◆ What you have to do ◆
The records that follow are to be reproduced exactly. Any pictures in them are left out.
[Opening Data for processing section]
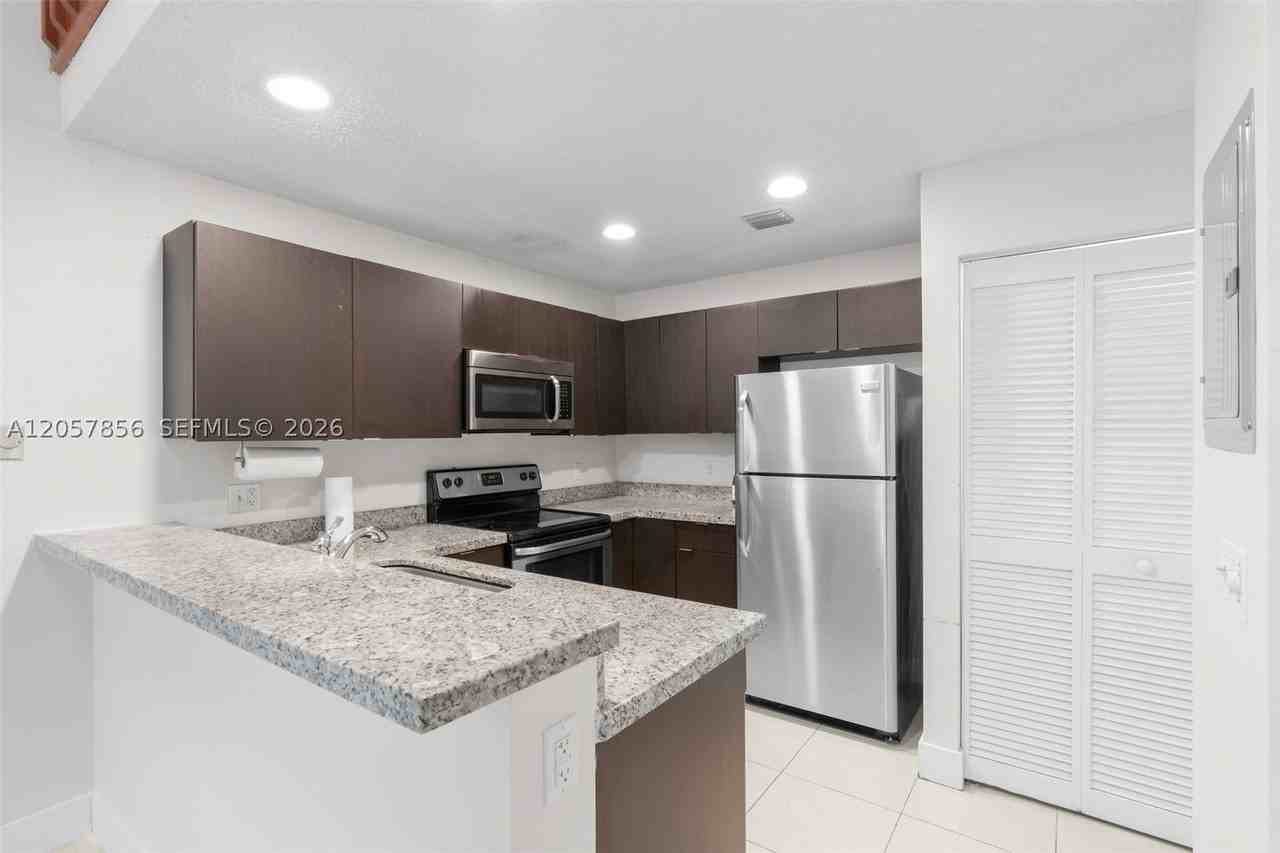 7144 Sportsmans Dr #7144 - Photo 6 of 26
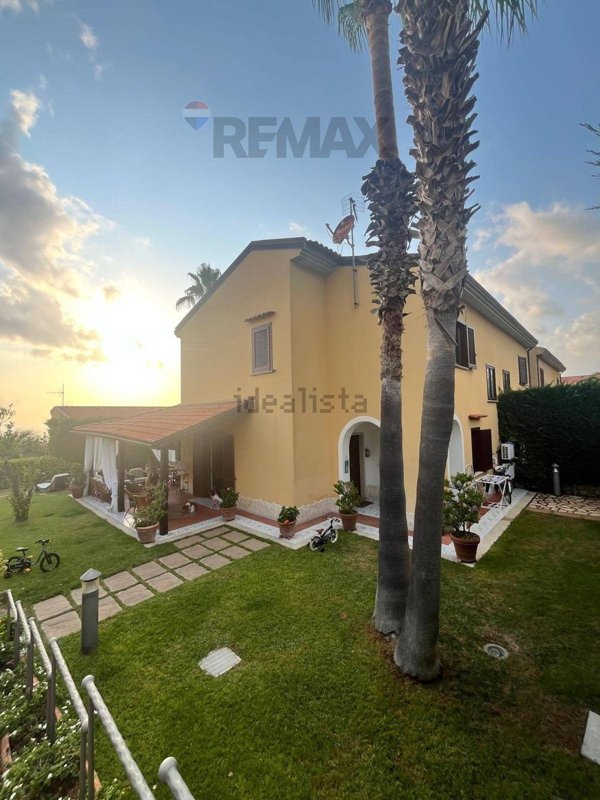 casa indipendente in vendita a Sangineto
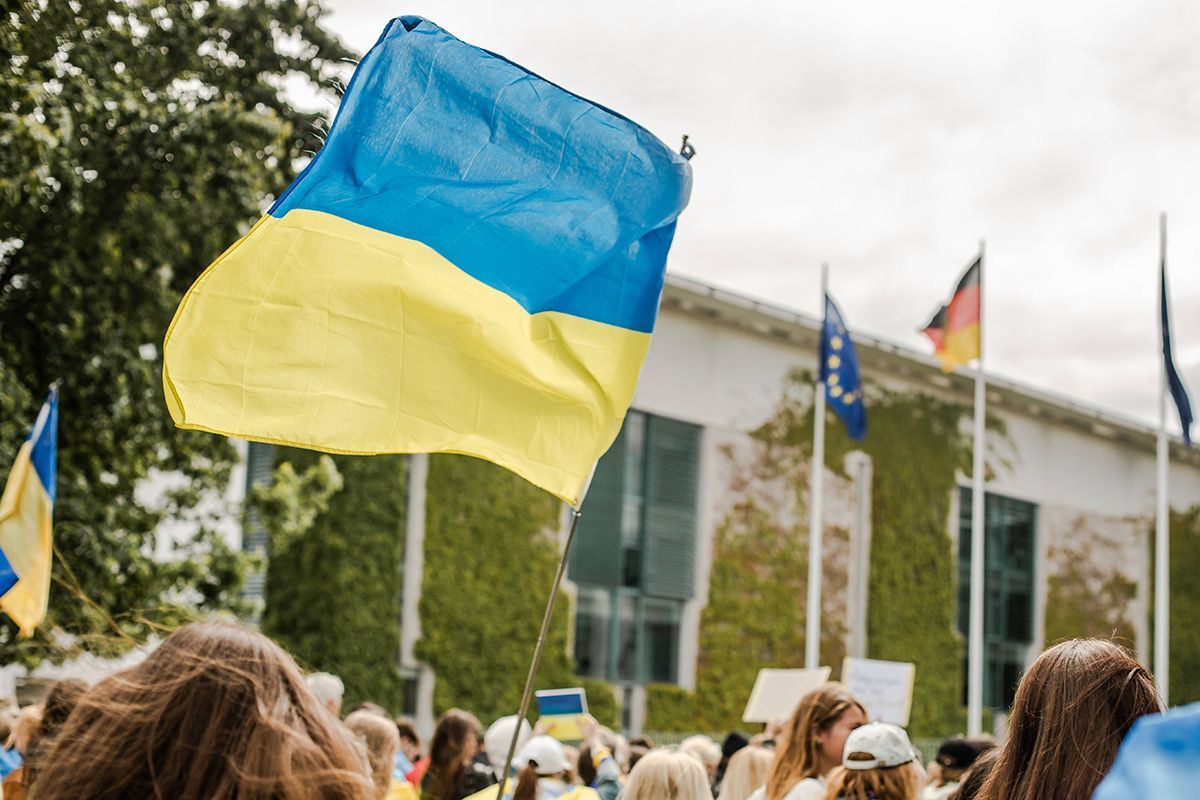 Gewährung des EU-Kandidatenstatus für die Ukraine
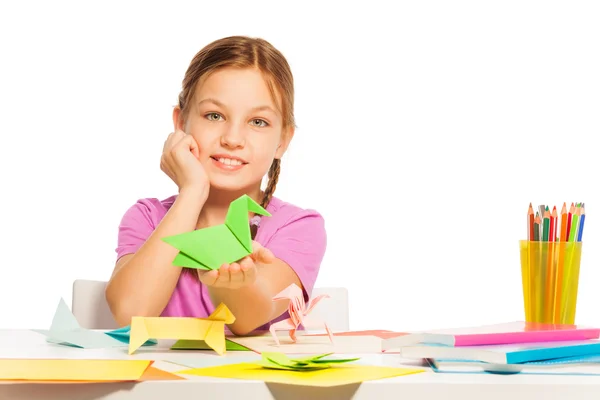 Studentessa tenendo il suo origami fatto a mano cigno — Foto Stock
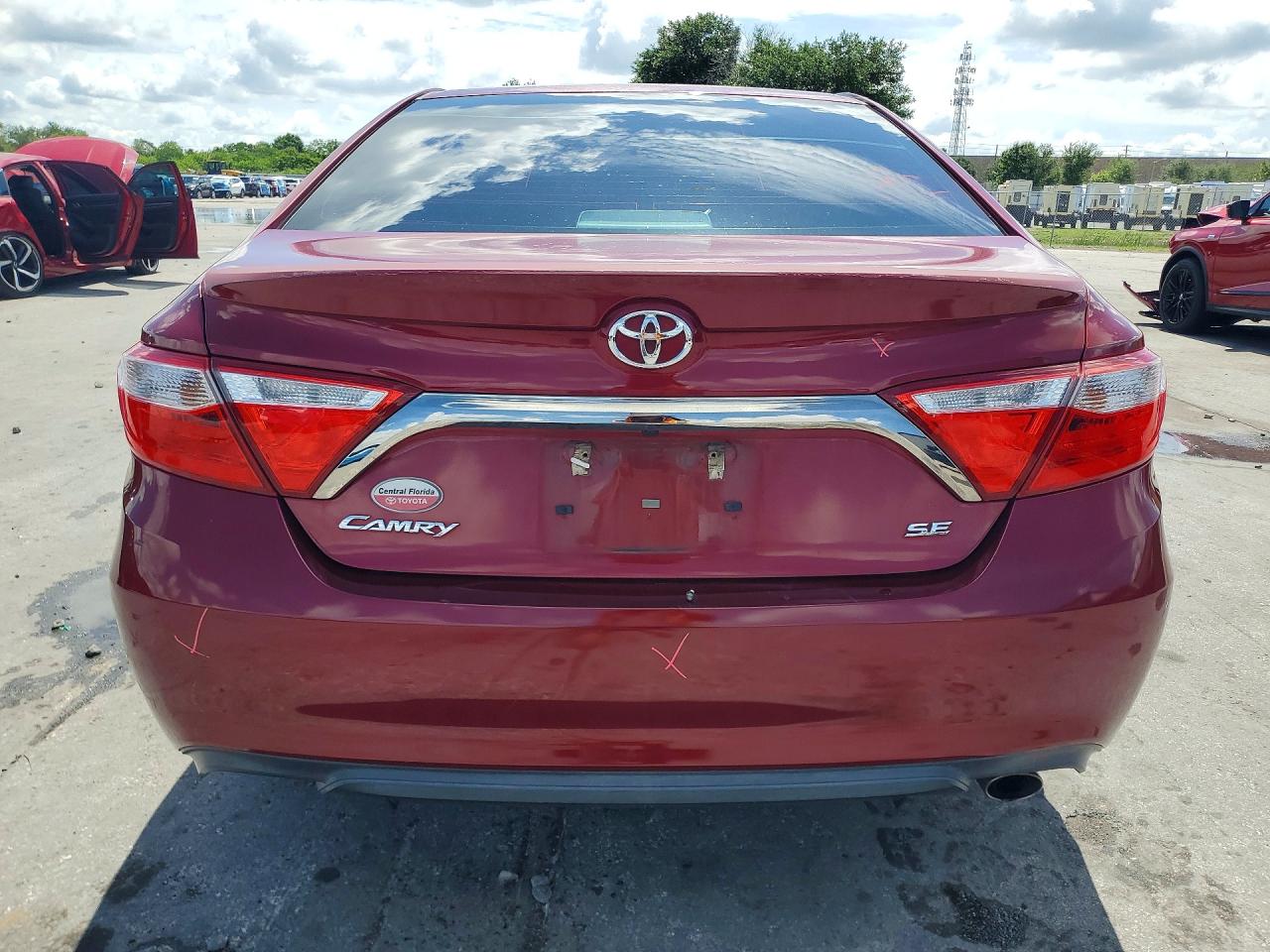 Toyota Camry Se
[Closing Data for processing section]
◆ Answer space ◆
 7144 Sportsmans Dr #7144 - Photo 6 of 26
 casa indipendente in vendita a Sangineto
 Gewährung des EU-Kandidatenstatus für die Ukraine
 Studentessa tenendo il suo origami fatto a mano cigno — Foto Stock
 Toyota Camry Se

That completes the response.